Olesia I. Kucheriv,^a ^* Sergii I. Shylin,^a Tetiana A. Ilina,^b Sebastian Dechert ^c and Il'ya A. Gural'skiy ^a

^aDepartment of Chemistry, Taras Shevchenko National University of Kyiv, Volodymyrska st. 64, Kyiv 01601, Ukraine, ^bKherson National Technical University, Beryslavske st. 24, Kherson 73008, Ukraine, and ^cInstitute of Inorganic Chemistry, Georg-August-University Göttingen, Tammannstrasse 4, Göttingen D-37077, Germany
^*Correspondence e-mail: lesya.kucheriv@gmail.com

Edited by D.-J. Xu, Zhejiang University (Yuquan Campus), China (Received 3 March 2015; accepted 9 March 2015; online 18 March 2015)

In the crystal of the title compound, [Fe(NCS)₃(H₂O)₃]·3C₆H₈N₂, the Fe^III cation is located on a threefold rotation axis and is coordinated by three N atoms of the thiocyanate anions and three water molecules in a fac arrangement, forming a slightly distorted N₃O₃ octahedron. Stabilization within the crystal structure is provided by O—H⋯N hydrogen bonds; the H atoms from coordinating water molecules act as donors to the N atoms of guest 2,3-dimethylpyrazine molecules, leading to a three-dimensional supramolecular framework.
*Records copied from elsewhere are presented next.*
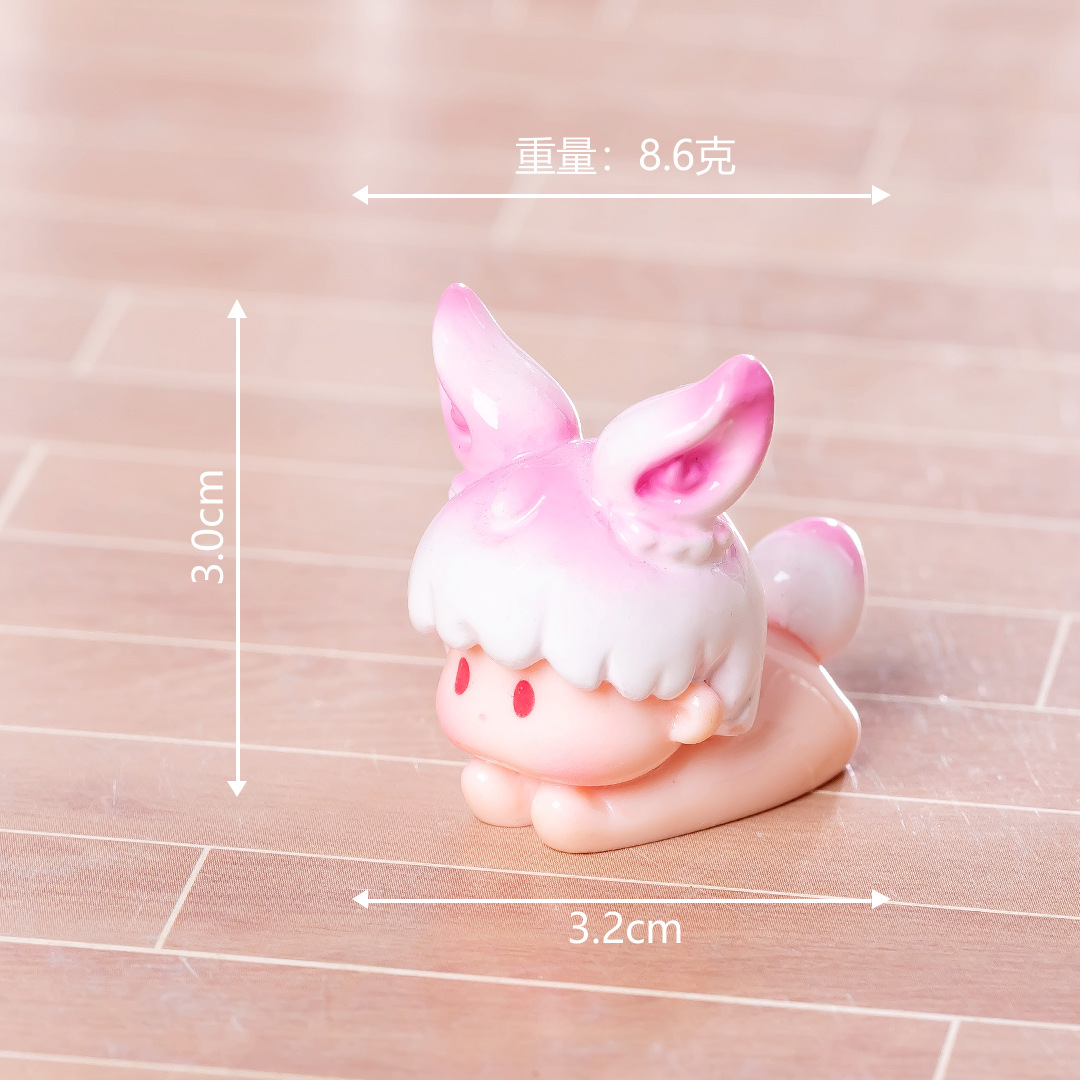 Lapin blanc
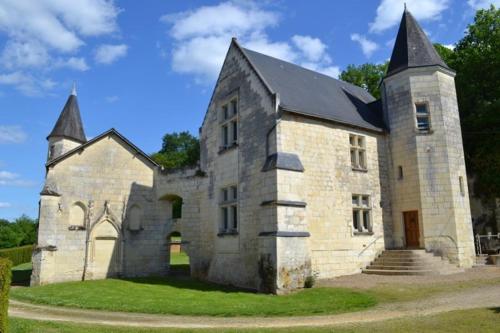 Castel Du Plessis Gerbault gîte à louer Touraine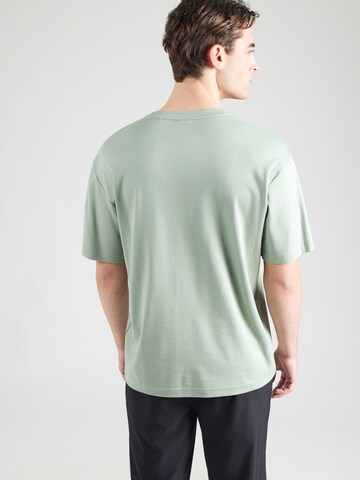 BOSS Koszulka funkcyjna 'Join' w kolorze zielony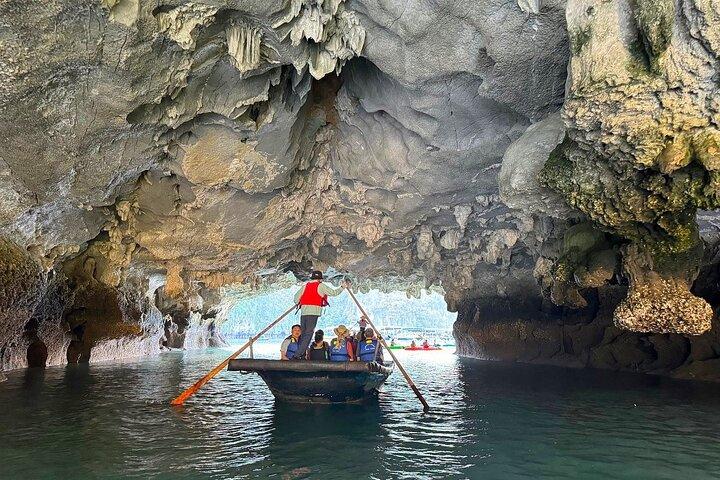 5 - Dag Vietnam Escape Udforsk Hanoi Ninh Binh og Ha Long Bay
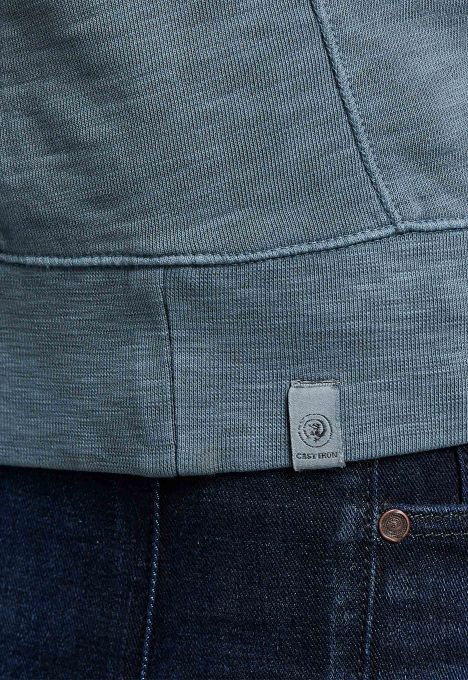 Garment Dyed Slub Sweater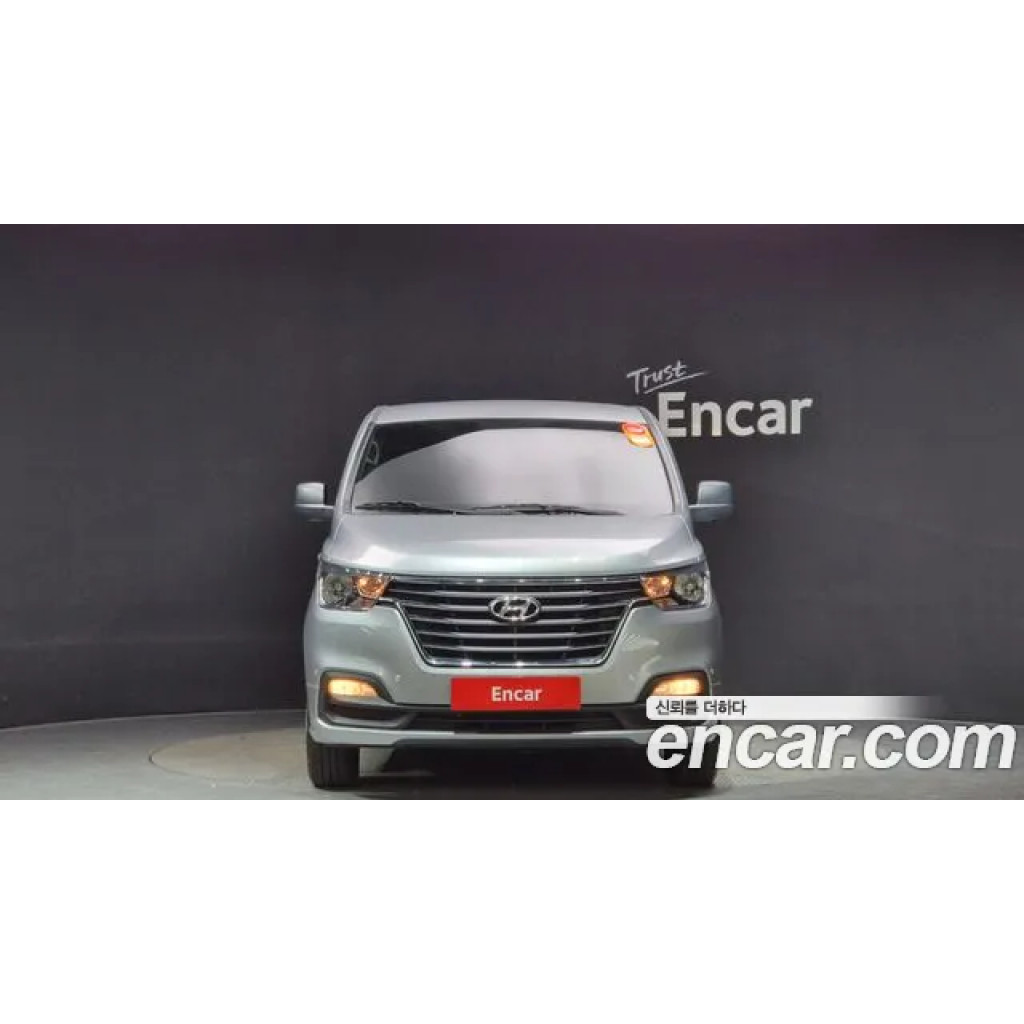 Hyundai Starex 2021 г.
Keywords: crystal structure; Fe^III complex; isothiocyanate ligand; pyrazine; co-crystal; hydrogen bonding.

CCDC reference: 1053032

1. Chemical context

In the large family of coordination compounds, materials showing a tunable character of their physical properties (e.g., electrical, magnetic, optical etc) are of special interest. Attempts to design compounds with such tunability have revealed the possibility to target the property of interest through the rational choice of ligands in transition metal complexes. For instance, variation of the aromatic N-donor ligand can lead to possible spin-state modulation of transition metals. In certain cases, these complexes can even possess spin crossover behaviour (transition between low and high spin states of a metal). The phenomenon of spin transition, which is one of the most known examples of molecular bistability, can be provoked by some external stimuli (temperature, pressure, light, magnetic field, absorption of some compounds) and is followed by a change of the optical, magnetic and electric properties (Gütlich & Goodwin, 2004 ).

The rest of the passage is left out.